Gitlab generates signed JWTs that you can use with AWS to get temporary access tokens. (You don't need any complexity brought by Hashicorp's Vault, you'll notice this works even without it.)

Gitlab's tokens look like this:

gitlab-jwt.json
{
"iss": "gitlab.com",
"iat": 1585710286,
"nbf": 1585798372,
"exp": 1585713886,
"sub": "job_1212",
"namespace_id": "1",
"namespace_path": "mygroup",
"project_id": "22",
"project_path": "mygroup/myproject",
"user_id": "42",
"pipeline_id": "1212",
"job_id": "1212",
"ref": "auto-deploy-2020-04-01",
"ref_type": "branch",
"ref_protected": "true",
"environment": "production"
}

Now it's just a matter of setting up AWS to accept that token and allow it to generate an STS token.

We'll be using AWS IAM's AssumeRoleWithWebIdentity to convert the token into an identity

1. Create the Authress Gitlab connection

Navigate to the quick set up in Authress, add a custom OAuth connection, and then swap the the incoming JWT with one that AWS will accept.

Create the connection

  • Set the Authorization URL to be https://gitlab.com/oauth/authorize
  • Make sure to set the Audience Identifier and the User ID Resolution, as the gitlab token has neither a sub nor an audience:

Set Gitlab audience and subject claims

  • Leave the rest of the settings as their default values
  • One thing to note here is that the Test Connection button will not work, as we won't be using GitLab OAuth to generate tokens, this configuration is only for token verification, not for token generation. If the configuration matches above, this will work, and the best way to test this out is in #4 below.

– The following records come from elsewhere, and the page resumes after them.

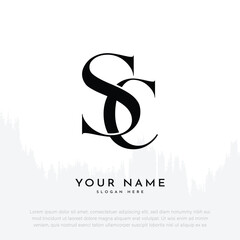 SC CS initial handwriting and luxury monogram logo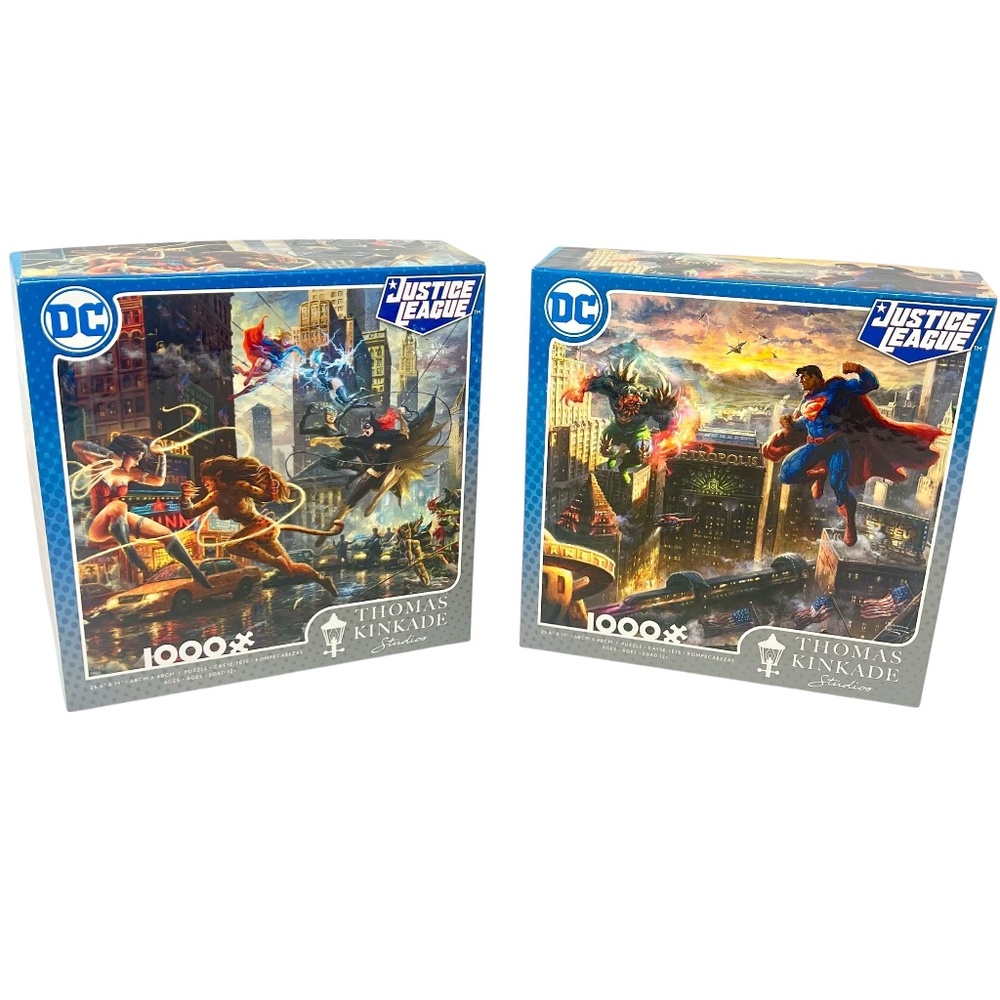 DC Justice League Thomas Kinkade Jigsaw 1000 Piece Puzzles *Lot of 2* NIP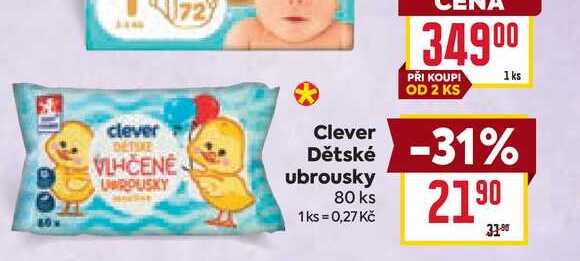Clever Dětské ubrousky 80 ks    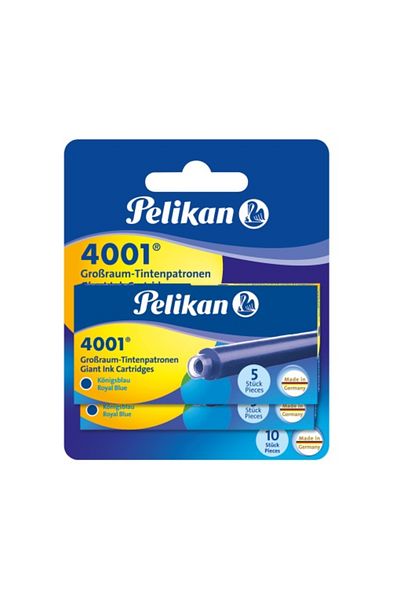 Herlitz 4001 Large Ink Cartridges, Material Plastic, Ink Color Royal Blue, 2x5 Pieces, Blister Pack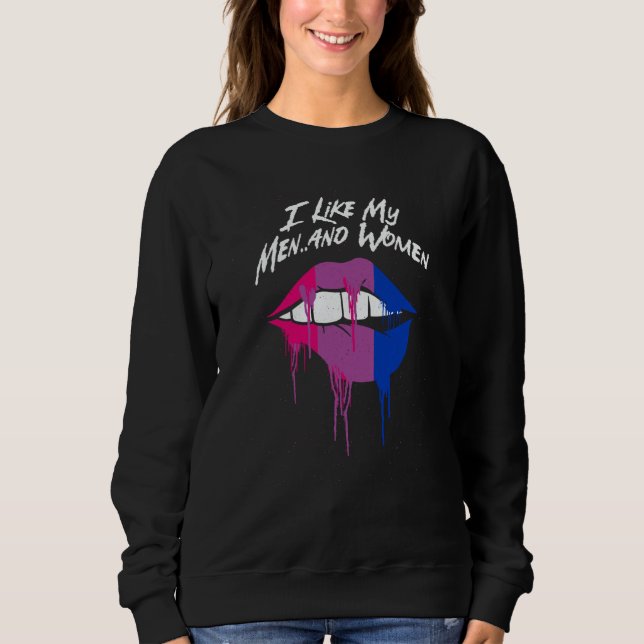 Camiseta I Like My Men and Women Bisexual LGBTQ Bi Pride Co (Frente)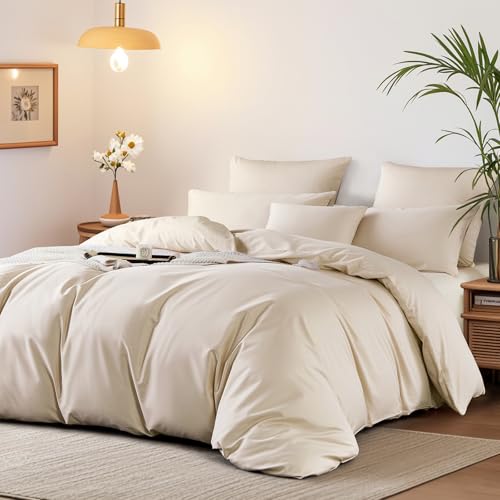 Boqingzhu Mako Satin Bettwäsche 135x200 Baumwolle Beige Luxus Weich Baumwollsatin Seidenbettwäsche Bettwaren & Bettwäsche Set Bettbezug und Kissenbezug mit Reißverschluss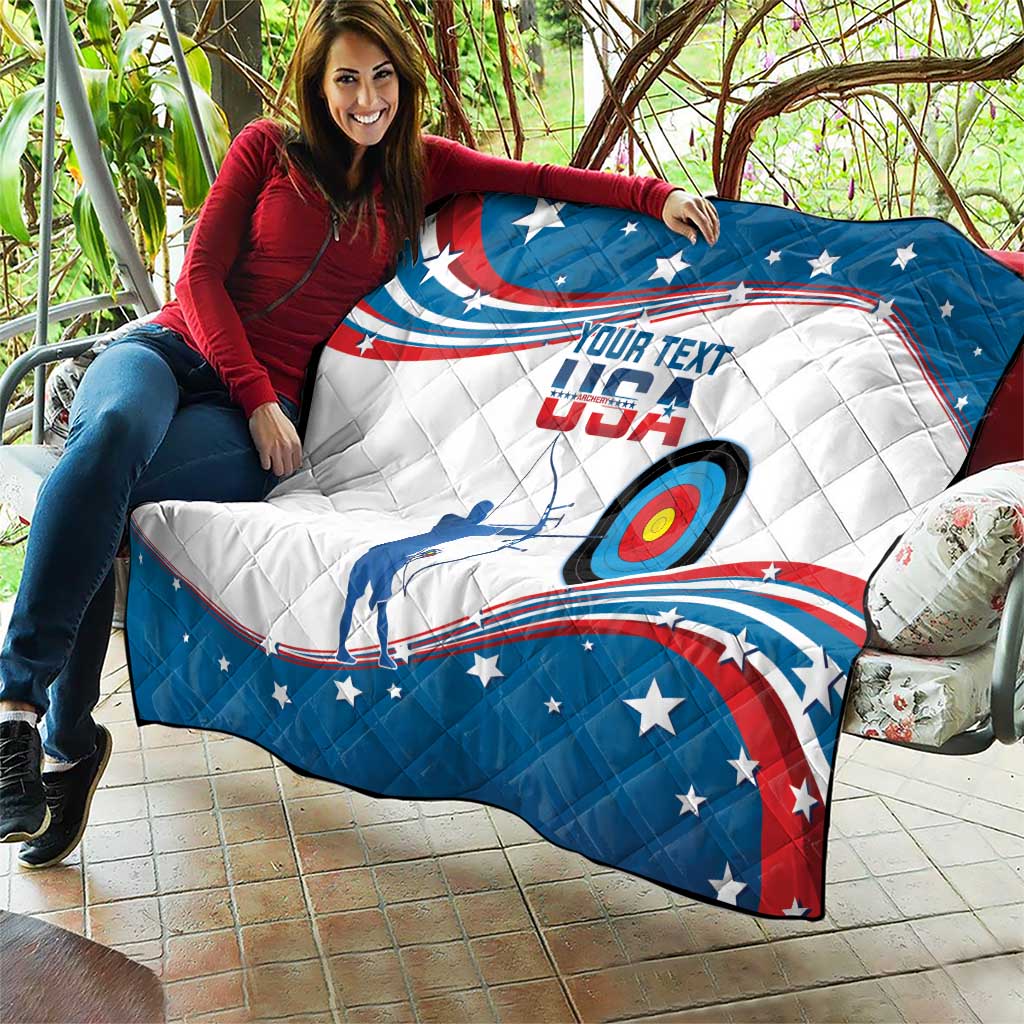Personalized United States Archery Quilt USA Sport Curve Style - Wonder Print Shop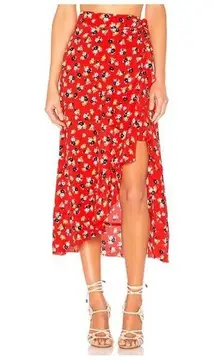 Faithfull the Brand  Celeste Wrap Skirt Red Jasmine Floral Rayon Midi Boho Size 2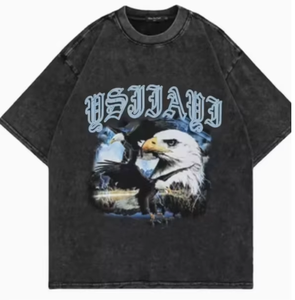 เสื้อยืดโอเวอร์ไซส์สีดำ ผ้าฝ้ายถัก สไตล์สตรีท แขนสั้น คอกลม แห้งเร็ว ระบายอากาศได้ดี สำหรับผู้ชาย - Product Image 5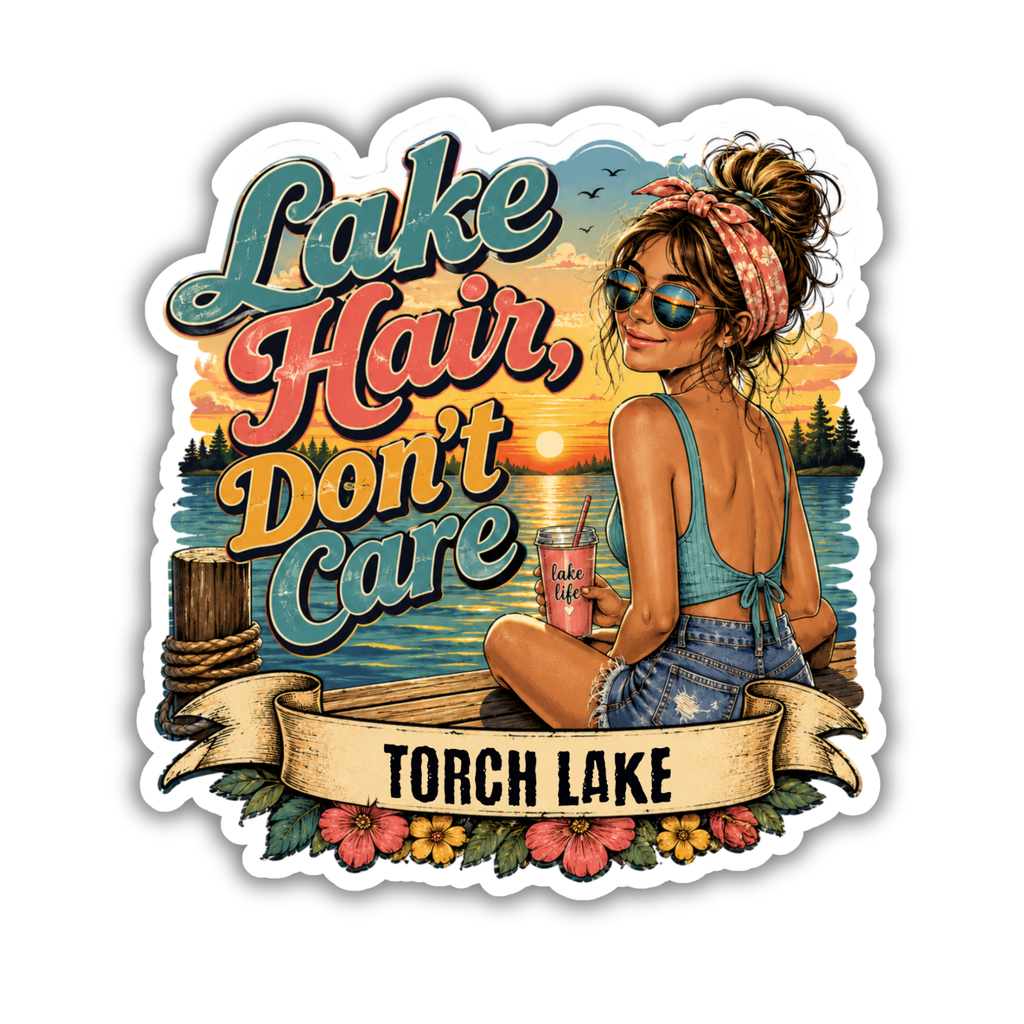 Custom Stickers, Vinyl Stickers | Lake Hair Don't Care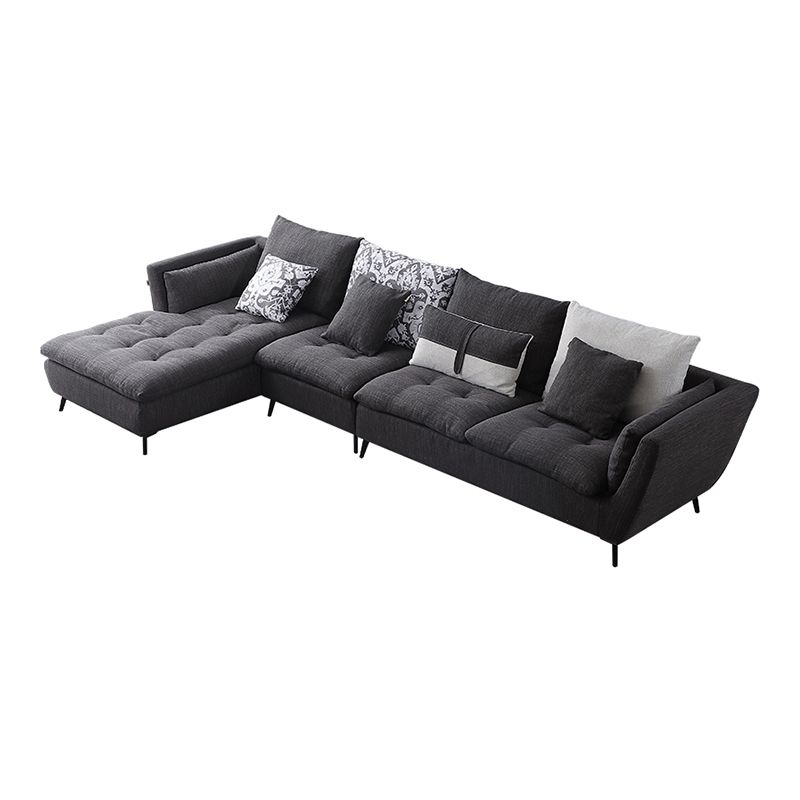 66 "brede moderne sectionele bank vierkante arm grijs getuft sectional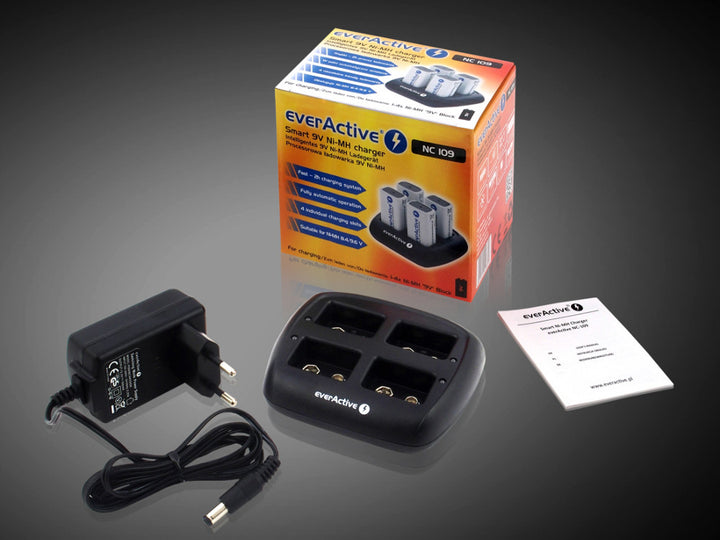 EverActive NC-109 töltő 9V 4x 100mA akkumulátorhoz max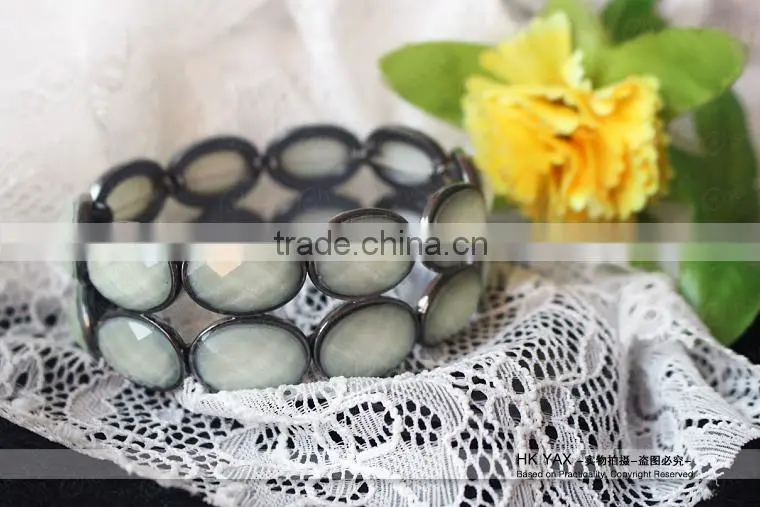 W1030 Resin beads double bracelet,double bracelet for women,China double bracelet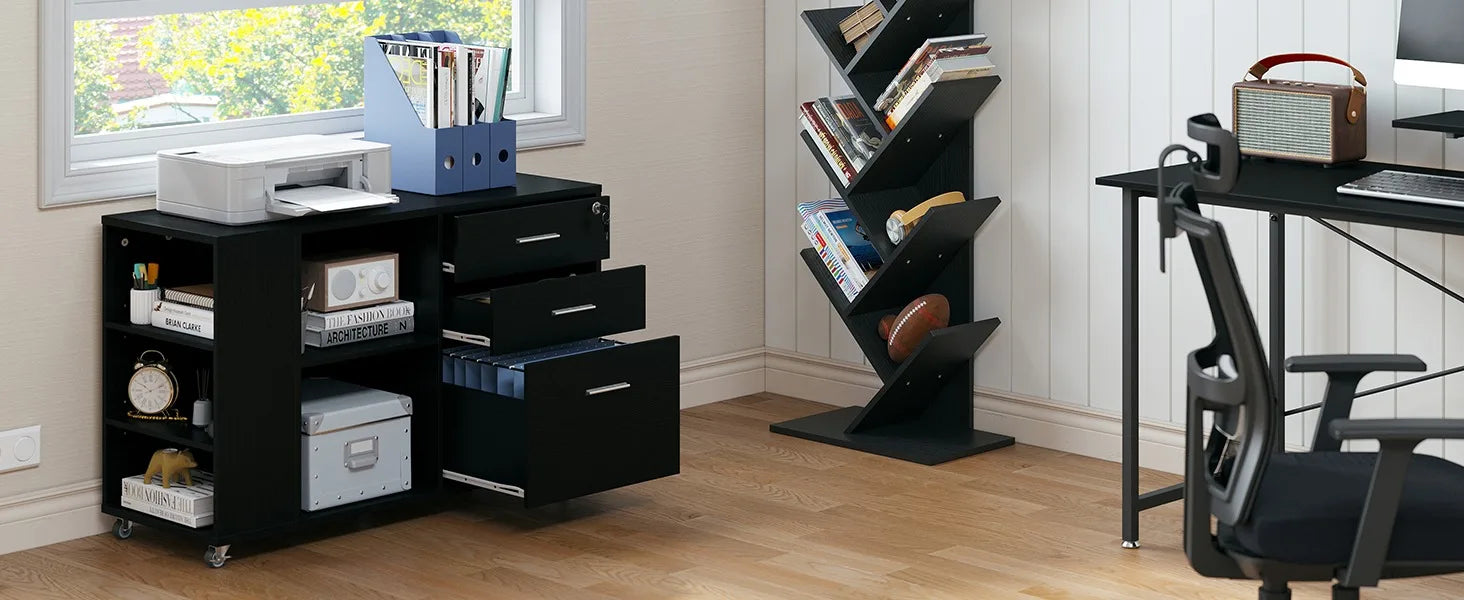 Mobile Wooden File Bookshelf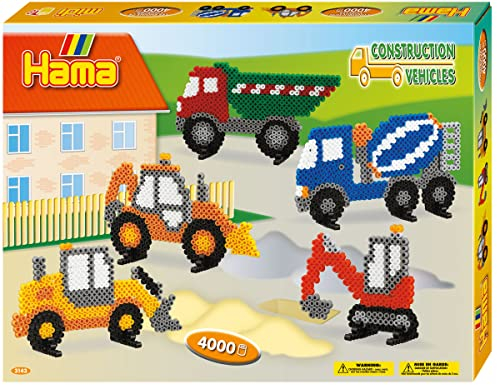 Hama Perlen 3143 Geschenk-Set Baufahrzeuge mit ca. 4.000 bunten Midi Bügelperlen mit Durchmesser 5 mm, Stiftplatte, inkl. Bügelpapier, kreativer Bastelspaß für Groß und Klein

2. Add an AWS IAM identity provider

Create Identity Provider, selecting OpenID Connect as the type. Specify the details in AWS that matches the Authress connection. The provider url will be your account domain from the connection configuration and the AWS Audience will be the connectionId from Authress. If you are using a custom domain with Authress, this will be the custom domain instead:

AWS Gitlab identity provider setup

3. Create a role for that identity provider

Assign Role: Create a role for the gitlab

Important: Update the Trust Policy to restrict the valid token sources (make sure to replace AUTHRESS_ACCOUNT_ID.login.authress.io with your account's identity. If you are using a custom domain, this should be the custom domain value same as from step #2):

gitlabRunnerIamTrustPolicy.json
{
"Version": "2012-10-17",
"Statement": [
{
"Effect": "Allow",
"Principal": {
"Federated": "arn:aws:iam::AWS_ACCOUNT:oidc-provider/AUTHRESS_ACCOUNT_ID.login.authress.io"
},
"Action": "sts:AssumeRoleWithWebIdentity",
"Condition": {
"StringEquals": {
"AUTHRESS_ACCOUNT_ID.login.authress.io:aud": "AUTHRESS_CONNECTION_ID"
},
"StringLike": {
"AUTHRESS_ACCOUNT_ID.login.authress.io:sub": "gitlab-runner|GitlabGroup/*"
}
}
}
]
}

4. Call AWS STS at build time to get your credentials

Exchange the gitlab CI_JOB_JWT token using Authress and then call AWS STS. Here's a javascript example which sets the AWS SDK credentials appropriately:

jwtExchange.js
const axios = require('axios');
const { WebIdentityCredentials, config } = require('aws-sdk');

// Update these values to match your environment
const authressHostUrl = `https://${AUTHRESS_ACCOUNT_ID}.login.authress.io`;
const authressConnectionId = 'CONNECTION_ID';
const iamRoleName = 'AWS_IAM_Gitlab_Runner_RoleName';

const tokenResponse = await axios.post(
`${authressHostUrl}/api/authentication/gitlab/tokens`,
{ client_id: authressConnectionId, grant_type: 'client_credentials'},
{ headers: { Authorization: `Bearer ${process.env.CI_JOB_JWT}`} }
);

config.credentials = new WebIdentityCredentials({
WebIdentityToken: tokenResponse.data.access_token,
RoleArn: iamRoleName,
RoleSessionName: `GitLabRunner-${process.env.CI_PIPELINE_ID}`,
DurationSeconds: 3600
});

For more information on the AWS credentials configuration, see the AWS AssumeRole CLI Docs.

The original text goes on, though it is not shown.